→ How to complete this task
Please repeat exactly the lines below from the one containing "Rookies Bar &" down to the one containing "Planet Pure universelles", both included, and nothing else.

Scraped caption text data

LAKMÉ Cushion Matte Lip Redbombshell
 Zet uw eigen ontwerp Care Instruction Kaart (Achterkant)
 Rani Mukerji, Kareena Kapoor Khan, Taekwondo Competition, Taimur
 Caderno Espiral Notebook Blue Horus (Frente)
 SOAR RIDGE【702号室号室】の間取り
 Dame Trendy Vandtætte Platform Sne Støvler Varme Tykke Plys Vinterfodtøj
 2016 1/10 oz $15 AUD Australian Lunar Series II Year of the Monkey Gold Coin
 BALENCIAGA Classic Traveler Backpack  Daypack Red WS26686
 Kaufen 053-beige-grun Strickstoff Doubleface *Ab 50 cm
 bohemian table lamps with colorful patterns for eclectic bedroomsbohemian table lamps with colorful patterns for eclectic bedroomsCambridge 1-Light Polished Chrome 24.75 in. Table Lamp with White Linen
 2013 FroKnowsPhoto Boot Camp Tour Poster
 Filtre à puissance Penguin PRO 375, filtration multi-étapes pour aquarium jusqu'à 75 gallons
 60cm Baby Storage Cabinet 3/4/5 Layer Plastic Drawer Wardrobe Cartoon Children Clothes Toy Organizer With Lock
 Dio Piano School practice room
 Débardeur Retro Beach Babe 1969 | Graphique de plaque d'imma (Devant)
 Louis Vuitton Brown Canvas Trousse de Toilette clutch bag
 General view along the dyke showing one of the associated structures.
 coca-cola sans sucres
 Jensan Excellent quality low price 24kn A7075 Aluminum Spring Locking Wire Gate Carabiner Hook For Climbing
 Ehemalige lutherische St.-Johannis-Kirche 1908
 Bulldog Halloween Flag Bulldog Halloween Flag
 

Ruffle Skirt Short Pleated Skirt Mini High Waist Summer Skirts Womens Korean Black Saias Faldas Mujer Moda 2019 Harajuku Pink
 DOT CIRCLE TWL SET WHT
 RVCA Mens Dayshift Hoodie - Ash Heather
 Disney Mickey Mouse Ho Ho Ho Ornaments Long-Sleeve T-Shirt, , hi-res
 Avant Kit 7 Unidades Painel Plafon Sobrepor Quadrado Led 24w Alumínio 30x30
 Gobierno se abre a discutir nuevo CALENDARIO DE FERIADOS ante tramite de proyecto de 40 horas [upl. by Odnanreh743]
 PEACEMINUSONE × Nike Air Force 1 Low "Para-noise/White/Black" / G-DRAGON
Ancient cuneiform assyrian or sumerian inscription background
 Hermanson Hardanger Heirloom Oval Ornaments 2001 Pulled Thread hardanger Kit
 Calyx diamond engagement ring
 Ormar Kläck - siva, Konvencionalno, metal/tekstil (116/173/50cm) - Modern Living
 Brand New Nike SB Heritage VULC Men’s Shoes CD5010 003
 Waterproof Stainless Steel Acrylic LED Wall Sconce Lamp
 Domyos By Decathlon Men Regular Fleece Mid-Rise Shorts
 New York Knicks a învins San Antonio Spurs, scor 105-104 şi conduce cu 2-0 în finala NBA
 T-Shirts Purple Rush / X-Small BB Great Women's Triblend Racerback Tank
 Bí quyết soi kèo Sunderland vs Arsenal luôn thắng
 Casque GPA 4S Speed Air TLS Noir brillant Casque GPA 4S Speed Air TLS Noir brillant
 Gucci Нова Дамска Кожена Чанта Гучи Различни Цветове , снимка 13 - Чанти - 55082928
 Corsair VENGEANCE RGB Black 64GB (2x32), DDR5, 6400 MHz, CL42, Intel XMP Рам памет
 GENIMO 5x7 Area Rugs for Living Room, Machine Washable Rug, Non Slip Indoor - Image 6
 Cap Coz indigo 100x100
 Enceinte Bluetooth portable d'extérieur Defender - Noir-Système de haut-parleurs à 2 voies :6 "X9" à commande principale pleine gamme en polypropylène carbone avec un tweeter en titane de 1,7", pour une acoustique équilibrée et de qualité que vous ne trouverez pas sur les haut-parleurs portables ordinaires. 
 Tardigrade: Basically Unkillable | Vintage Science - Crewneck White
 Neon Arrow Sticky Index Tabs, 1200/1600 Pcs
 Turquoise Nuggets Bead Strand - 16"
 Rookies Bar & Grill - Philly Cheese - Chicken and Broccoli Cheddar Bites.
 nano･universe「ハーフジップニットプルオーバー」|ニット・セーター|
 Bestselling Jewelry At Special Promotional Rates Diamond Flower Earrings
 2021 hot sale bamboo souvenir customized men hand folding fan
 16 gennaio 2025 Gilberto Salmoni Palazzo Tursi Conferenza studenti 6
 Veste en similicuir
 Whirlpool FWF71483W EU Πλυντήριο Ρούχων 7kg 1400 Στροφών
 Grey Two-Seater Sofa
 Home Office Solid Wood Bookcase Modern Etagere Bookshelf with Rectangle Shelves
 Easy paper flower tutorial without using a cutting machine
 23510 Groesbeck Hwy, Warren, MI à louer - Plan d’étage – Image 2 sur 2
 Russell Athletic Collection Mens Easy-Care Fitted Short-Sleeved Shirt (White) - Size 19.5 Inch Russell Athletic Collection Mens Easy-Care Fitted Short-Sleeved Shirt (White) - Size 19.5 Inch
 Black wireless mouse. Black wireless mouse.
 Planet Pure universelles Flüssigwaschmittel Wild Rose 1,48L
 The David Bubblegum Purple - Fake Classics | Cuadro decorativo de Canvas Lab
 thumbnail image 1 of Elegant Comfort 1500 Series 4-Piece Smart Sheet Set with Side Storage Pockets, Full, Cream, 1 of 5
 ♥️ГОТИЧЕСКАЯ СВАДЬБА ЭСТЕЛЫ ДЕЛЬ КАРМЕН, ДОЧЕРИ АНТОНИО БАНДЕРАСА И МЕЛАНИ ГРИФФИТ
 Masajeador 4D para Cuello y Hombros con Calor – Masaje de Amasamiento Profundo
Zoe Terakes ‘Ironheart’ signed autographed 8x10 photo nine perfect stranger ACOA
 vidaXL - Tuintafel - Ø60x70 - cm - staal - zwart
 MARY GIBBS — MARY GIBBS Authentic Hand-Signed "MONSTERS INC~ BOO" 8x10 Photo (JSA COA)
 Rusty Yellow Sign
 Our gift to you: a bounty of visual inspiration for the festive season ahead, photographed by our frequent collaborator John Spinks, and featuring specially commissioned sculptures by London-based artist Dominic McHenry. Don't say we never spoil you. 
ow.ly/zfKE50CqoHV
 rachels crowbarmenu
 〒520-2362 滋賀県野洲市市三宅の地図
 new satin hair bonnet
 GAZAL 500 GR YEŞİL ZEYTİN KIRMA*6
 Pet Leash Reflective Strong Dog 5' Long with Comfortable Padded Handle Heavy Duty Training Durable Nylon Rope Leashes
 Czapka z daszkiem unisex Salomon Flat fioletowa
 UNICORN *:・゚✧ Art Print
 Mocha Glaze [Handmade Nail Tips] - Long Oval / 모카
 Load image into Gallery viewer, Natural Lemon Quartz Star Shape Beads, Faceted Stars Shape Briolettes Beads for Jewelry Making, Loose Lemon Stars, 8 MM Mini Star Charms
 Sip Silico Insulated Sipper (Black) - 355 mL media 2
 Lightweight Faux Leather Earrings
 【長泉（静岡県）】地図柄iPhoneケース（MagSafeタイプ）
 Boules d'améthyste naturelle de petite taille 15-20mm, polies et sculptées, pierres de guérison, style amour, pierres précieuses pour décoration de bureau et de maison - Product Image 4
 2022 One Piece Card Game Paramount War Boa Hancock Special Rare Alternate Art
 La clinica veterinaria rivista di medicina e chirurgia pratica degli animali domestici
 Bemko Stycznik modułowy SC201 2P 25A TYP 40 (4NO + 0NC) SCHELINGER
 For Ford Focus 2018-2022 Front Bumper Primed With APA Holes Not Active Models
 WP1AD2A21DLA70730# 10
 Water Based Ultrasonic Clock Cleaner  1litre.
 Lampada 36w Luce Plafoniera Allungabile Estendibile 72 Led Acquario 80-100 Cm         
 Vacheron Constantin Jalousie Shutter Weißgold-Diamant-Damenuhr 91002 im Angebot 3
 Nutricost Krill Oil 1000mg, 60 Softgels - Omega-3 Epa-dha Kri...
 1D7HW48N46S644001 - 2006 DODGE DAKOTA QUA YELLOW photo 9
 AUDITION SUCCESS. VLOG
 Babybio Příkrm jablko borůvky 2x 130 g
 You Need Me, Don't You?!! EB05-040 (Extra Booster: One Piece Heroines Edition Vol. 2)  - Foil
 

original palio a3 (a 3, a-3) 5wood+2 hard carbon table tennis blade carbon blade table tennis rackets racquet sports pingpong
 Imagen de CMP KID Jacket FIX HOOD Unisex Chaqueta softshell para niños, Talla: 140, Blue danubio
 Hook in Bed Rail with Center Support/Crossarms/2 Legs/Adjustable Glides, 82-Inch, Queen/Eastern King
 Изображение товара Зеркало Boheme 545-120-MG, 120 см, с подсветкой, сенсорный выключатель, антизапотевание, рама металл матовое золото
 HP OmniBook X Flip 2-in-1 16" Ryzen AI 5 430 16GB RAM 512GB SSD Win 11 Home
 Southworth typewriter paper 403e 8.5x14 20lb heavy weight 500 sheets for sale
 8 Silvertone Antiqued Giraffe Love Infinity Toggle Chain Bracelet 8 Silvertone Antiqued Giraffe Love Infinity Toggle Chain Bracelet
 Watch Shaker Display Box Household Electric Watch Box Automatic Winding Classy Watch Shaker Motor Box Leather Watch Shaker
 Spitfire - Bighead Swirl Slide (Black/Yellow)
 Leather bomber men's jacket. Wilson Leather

→ Finished exercise
 Rookies Bar & Grill - Philly Cheese - Chicken and Broccoli Cheddar Bites.
 nano･universe「ハーフジップニットプルオーバー」|ニット・セーター|
 Bestselling Jewelry At Special Promotional Rates Diamond Flower Earrings
 2021 hot sale bamboo souvenir customized men hand folding fan
 16 gennaio 2025 Gilberto Salmoni Palazzo Tursi Conferenza studenti 6
 Veste en similicuir
 Whirlpool FWF71483W EU Πλυντήριο Ρούχων 7kg 1400 Στροφών
 Grey Two-Seater Sofa
 Home Office Solid Wood Bookcase Modern Etagere Bookshelf with Rectangle Shelves
 Easy paper flower tutorial without using a cutting machine
 23510 Groesbeck Hwy, Warren, MI à louer - Plan d’étage – Image 2 sur 2
 Russell Athletic Collection Mens Easy-Care Fitted Short-Sleeved Shirt (White) - Size 19.5 Inch Russell Athletic Collection Mens Easy-Care Fitted Short-Sleeved Shirt (White) - Size 19.5 Inch
 Black wireless mouse. Black wireless mouse.
 Planet Pure universelles Flüssigwaschmittel Wild Rose 1,48L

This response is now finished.